In a really lovely reading that is simultaneously rich and economical, Dalleo similarly teases out the relationship of the theatrical all-woman group Sistren to a Jamaica that self-consciously repudiates its earlier Puerto Rican–style dance with global capitalism to embrace a democratic socialist turn away from corrupt foreign influences in the early 1970s. Sistren’s performances reflected on the implications of the violence of political partisanship and abuse of women for both working-class masculinity and a diminished political consciousness. Sistren’s exemplary theorization of quotidian experience in the context of a cross-class and democratic process is shown to be both ambitious and ambivalent. Oddly, Dalleo does not mention Carolyn Cooper’s discussion of the tensions of Sistren’s directorial and linguistic experimentations—a discussion rendered in nation language—but his discussion also reminds us that current discussions of masculinity, sexuality, and dancehall music have an immediate historical context in Sistren’s theorizations.

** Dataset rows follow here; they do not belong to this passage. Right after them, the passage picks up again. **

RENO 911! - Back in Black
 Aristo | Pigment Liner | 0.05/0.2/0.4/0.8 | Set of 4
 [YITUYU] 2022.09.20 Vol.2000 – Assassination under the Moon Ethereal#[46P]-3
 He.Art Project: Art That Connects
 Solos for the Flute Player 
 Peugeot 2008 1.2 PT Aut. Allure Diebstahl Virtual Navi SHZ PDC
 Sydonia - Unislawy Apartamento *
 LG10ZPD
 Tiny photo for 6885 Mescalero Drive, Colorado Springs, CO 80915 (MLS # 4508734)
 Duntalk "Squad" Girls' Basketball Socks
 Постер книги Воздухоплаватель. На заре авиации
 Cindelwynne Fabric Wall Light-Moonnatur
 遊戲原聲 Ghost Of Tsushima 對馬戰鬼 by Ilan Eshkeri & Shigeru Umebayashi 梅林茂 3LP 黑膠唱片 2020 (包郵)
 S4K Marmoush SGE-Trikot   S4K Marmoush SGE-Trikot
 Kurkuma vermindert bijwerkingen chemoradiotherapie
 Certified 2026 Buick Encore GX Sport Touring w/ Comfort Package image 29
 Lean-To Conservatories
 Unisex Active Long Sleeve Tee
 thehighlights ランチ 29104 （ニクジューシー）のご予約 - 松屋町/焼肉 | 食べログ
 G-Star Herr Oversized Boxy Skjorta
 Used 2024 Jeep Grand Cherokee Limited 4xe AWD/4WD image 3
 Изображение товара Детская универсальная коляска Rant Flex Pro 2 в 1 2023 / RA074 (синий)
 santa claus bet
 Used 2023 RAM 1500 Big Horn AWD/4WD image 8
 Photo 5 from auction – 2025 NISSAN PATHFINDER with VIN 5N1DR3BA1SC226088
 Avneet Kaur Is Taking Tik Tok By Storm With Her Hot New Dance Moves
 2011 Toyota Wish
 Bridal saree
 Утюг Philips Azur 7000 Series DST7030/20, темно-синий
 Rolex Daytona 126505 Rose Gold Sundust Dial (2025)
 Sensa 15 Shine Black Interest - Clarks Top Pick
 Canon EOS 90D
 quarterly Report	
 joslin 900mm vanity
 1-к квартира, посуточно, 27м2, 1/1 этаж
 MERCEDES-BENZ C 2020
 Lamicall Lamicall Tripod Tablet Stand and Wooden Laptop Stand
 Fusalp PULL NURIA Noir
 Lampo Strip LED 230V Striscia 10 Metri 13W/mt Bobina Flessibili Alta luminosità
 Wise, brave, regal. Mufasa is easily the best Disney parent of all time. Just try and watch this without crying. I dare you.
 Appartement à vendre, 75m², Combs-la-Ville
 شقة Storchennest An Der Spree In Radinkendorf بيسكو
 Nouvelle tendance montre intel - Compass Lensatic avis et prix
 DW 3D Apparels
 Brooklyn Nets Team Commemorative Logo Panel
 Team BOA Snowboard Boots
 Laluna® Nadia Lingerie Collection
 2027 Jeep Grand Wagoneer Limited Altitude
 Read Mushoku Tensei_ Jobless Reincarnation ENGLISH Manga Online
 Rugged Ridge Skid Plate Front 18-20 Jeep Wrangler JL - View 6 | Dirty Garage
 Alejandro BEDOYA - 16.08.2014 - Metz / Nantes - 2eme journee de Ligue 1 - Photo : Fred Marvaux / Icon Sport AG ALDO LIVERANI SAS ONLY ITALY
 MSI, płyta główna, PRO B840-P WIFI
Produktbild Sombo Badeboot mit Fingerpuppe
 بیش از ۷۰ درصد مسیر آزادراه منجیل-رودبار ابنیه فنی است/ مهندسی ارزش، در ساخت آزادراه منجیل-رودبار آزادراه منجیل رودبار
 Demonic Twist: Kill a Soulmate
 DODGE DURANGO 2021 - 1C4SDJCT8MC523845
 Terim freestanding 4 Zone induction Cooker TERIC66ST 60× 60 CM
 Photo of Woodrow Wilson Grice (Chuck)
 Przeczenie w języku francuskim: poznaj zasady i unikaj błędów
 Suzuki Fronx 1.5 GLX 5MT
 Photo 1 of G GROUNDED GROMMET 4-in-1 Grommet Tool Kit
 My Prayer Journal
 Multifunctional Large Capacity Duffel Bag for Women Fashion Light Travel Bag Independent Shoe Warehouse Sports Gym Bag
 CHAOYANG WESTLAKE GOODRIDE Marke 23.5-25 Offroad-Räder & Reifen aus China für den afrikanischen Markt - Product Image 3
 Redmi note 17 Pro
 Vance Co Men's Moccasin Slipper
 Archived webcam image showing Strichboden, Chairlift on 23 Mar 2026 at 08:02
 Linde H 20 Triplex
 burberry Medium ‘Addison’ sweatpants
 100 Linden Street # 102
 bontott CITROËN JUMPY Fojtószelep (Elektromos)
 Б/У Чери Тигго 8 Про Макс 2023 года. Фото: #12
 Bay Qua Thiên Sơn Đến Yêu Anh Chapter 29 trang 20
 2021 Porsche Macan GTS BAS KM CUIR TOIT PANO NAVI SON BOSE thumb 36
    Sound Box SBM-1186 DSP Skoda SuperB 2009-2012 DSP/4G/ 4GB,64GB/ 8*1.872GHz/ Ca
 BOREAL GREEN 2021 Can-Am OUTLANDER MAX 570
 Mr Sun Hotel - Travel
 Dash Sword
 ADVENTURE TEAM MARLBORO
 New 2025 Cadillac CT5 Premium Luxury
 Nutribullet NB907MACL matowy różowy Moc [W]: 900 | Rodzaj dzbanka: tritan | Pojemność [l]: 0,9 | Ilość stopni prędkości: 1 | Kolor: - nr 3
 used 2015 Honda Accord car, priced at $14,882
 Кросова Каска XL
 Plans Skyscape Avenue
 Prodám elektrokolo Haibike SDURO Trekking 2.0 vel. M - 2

Unlike Jamaica and Cuba, Trinidad and Tobago and Puerto Rico’s “full incorporation into North American capitalism” means “borrowing from” rather than repudiating “the contaminated language of the market to create new artistic forms” (187), and to illustrate this, Dalleo discusses Luis Rafael Sánchez’s La guaracha del Macho Camacho (1976) and Earl Lovelace’s The Dragon Can’t Dance (1979). He also has an astute, compelling analysis of the region’s resident and diasporic intellectuals (Juan Florés, Carolyn Cooper, and others), who parlayed their literary training into analyses of the region’s popular music. In this way, as he puts it, “popular culture becomes the site for intellectuals to channel the utopian aspirations once invested in literature,” and “cultural studies becomes a strategy for addressing the postcolonial crisis of literary authority” (200). Popular music—politically charged in contradistinction to the enervated literary artifact, and also precariously popular/relevant and popular/market-tainted—becomes the latest ground on which the literary intellectual anxiously locates a place in the public sphere. But this “latest ground” reminded me of Leah Rosenberg and Harvey Neptune’s discussions of literary intellectuals’ anxious attempts to compete with the cultural authority of calypsonians in 1930s Trinidad.1

I think that such recollections and comparisons are inevitable, and that Dalleo is inviting us to come and dance with him in this richly textured account of Caribbean literature’s engagement with the public sphere that he has traced out for us. Certainly, he is pushing us to see that a nimble, multilingual grasp of the region’s cultural histories might enable us to give better accounts of each period and territory.


Faith Smith is associate professor of English at Brandeis University. She published Creole Recitations: John Jacob Thomas and Colonial Formation in the Late Nineteenth-Century Caribbean (2002), edited Sex and the Citizen: Interrogating the Caribbean (2011), and is working on a manuscript titled “Whose Modern? Caribbean Cultural and Intellectual Formations, 1885–1915.”


See Leah Rosenberg, Nationalism and the Formation of Caribbean Literature (New York: Palgrave, 2007), and Harvey Neptune, Caliban and the Yankees: Trinidad and the United States Occupation (Chapel Hill: University of North Carolina Press, 2007).